Situation Vacant.
“Bloody thing has shrunk at the dry cleaners”, grumbled Hubby the other evening whilst sorting out his mess undress uniform.
“I hate to tell you this”, I hated to tell him, “but they use chemicals at the dry cleaners, not soap and water, ergo your waistcoat hasn’t shrunk, more er, your tummy has grown”. His face dropped.
“Look on the bright side”, I added, breezily, “You are very tall and still exceedingly dashing. It’s just that you were skinny before, and now as you’re getting older, you look, well, more normal”.
“And everything was going so well then Alice. Did you have to bring my age into the equation?”
I shrugged my shoulders. Men. They’re so touchy. He’ll be asking me if his bum looks big next.
“Let it out a little bit and hold your gut in. Women have been doing it for years. I have pants in fact that do it for me. Do you want to borrow them?”
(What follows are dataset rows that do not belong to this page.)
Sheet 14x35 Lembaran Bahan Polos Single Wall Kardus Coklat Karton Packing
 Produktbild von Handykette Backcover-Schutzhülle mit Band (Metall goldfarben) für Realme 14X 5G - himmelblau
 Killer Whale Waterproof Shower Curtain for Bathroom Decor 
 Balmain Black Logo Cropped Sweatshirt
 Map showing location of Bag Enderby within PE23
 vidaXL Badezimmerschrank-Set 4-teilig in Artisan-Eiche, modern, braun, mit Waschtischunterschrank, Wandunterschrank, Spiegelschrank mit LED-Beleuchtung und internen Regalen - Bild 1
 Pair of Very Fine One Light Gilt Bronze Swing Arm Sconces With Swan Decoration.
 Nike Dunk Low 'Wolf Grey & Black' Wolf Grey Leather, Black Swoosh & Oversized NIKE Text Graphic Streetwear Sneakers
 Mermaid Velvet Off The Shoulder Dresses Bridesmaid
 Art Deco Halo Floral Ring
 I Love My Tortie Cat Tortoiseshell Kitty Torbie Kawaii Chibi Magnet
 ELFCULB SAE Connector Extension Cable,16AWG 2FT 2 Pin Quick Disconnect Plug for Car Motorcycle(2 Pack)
“Ew!”, said the 14 year old walking in on proceedings, “What are you talking about?”
“I’m going to lend daddy my ‘hold your tummy in, wonder knickers’. That’s all.”
She looked at me agog. “Oh great, that’s all I need, a cross dressing father”.
“And I was led to believe that you and your brother are so right on. Isn’t there a Facebook status that says, Miss Know-it-All Band has become a fan of the group ‘my dad wears my mother’s knickers and its cool with me’?”
“God mum, you are so lame” and without more ado she flounced out as quickly as she had flounced in.
“Nice one Alice. You know how to alienate your children”. Hubby was hardly in a position to criticize given that he was still tugging and twisting at his waistcoat and was getting demonstrably more agitated as the moments passed.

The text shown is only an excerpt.